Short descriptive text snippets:
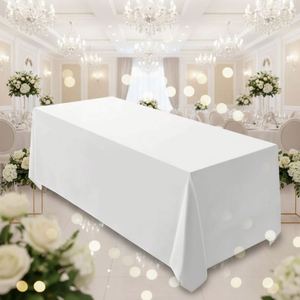90x156 Inch Nonwoven Floral Polyester Tablecloth White Elegant & Durable for Weddings Banquets or Restaurants - Product Image 1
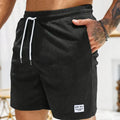 Corduroy Casual Shorts for Men - Drawstring Relaxed Fit - Patch Detail Knee Length - Image 14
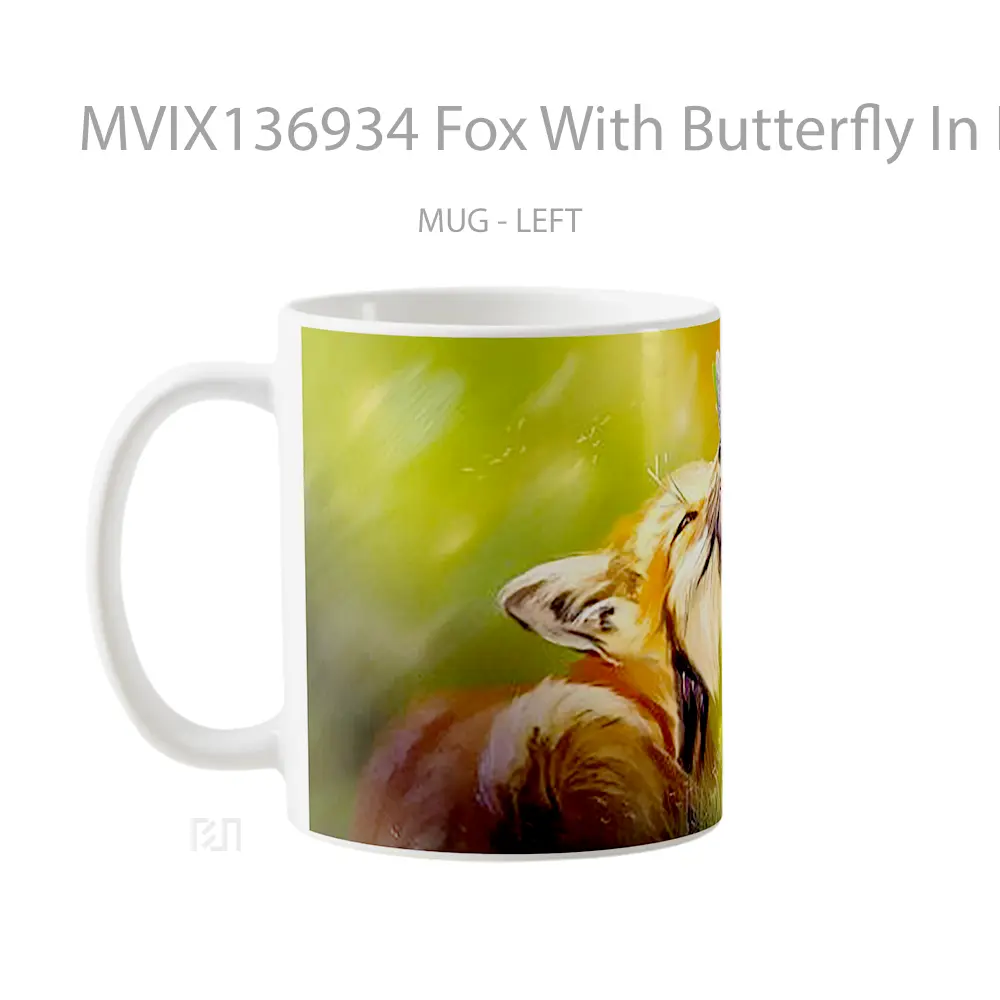 Mug Fox With Butterfly In Nose Gelas Hewan Lucu - All-side / Desain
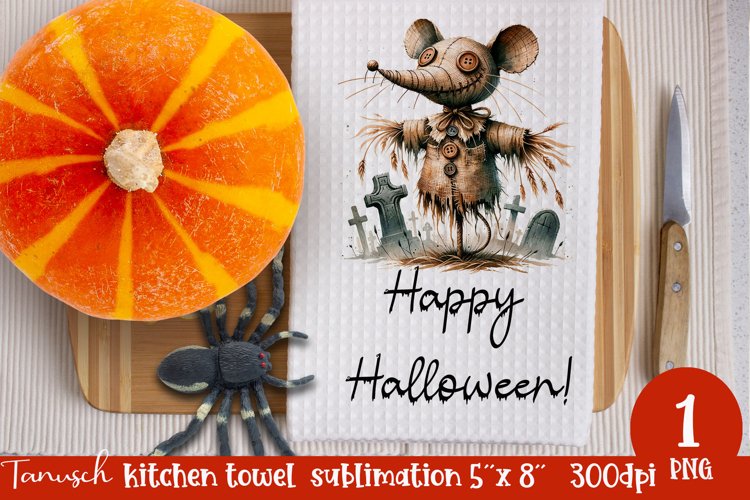 Creepy sublimation Halloween kitchen towel JPG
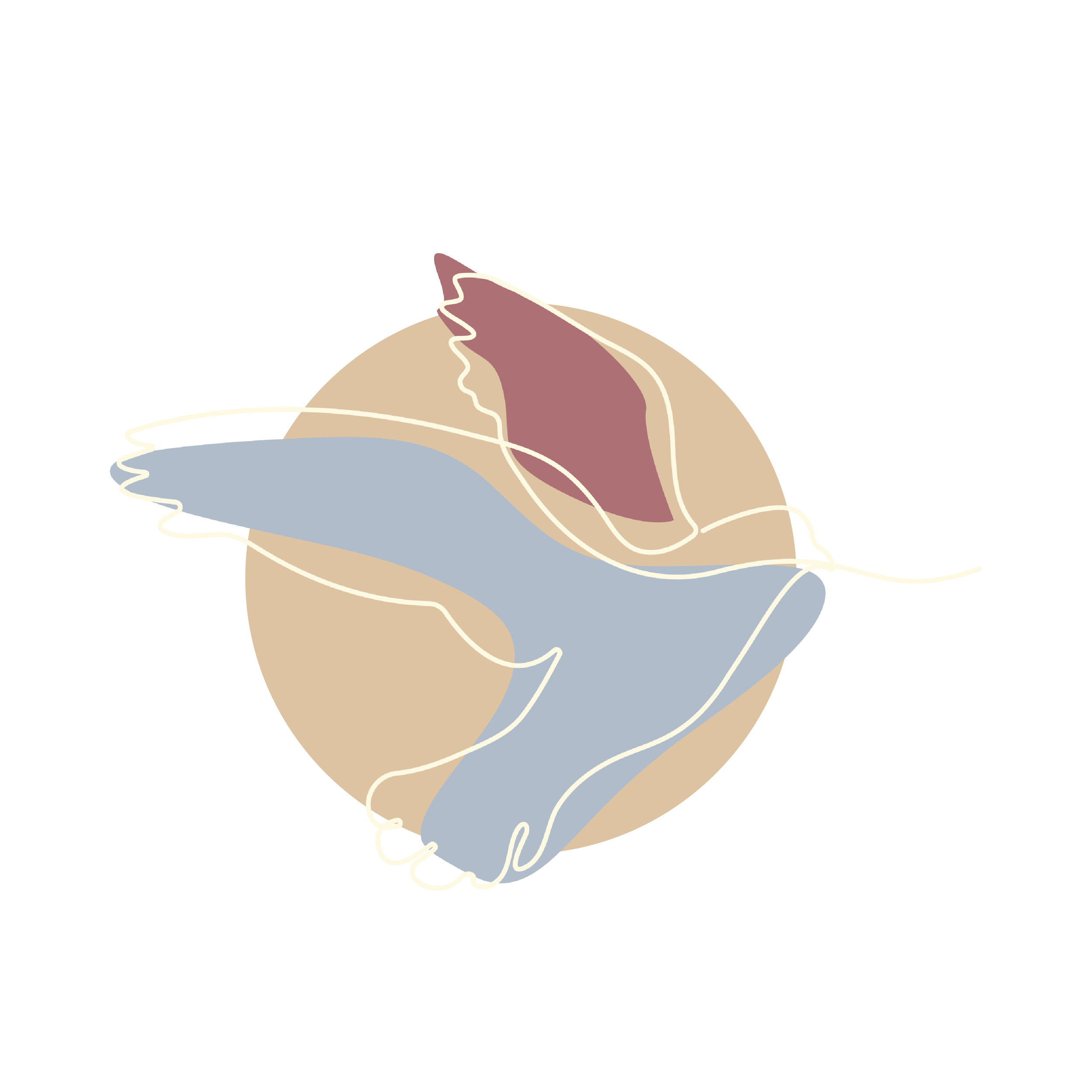 Illustration of a handshake with layered, abstract shapes in neutral tones behind it.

(PROBLEM DETAILS): Lines from the one containing "Mug Fox With" through the end of the entries above, both included, are to be written out exactly; no pictures and no other lines.

(WRITTEN REPLY):
 Mug Fox With Butterfly In Nose Gelas Hewan Lucu - All-side / Desain
 Creepy sublimation Halloween kitchen towel JPG
 Illustration of a handshake with layered, abstract shapes in neutral tones behind it.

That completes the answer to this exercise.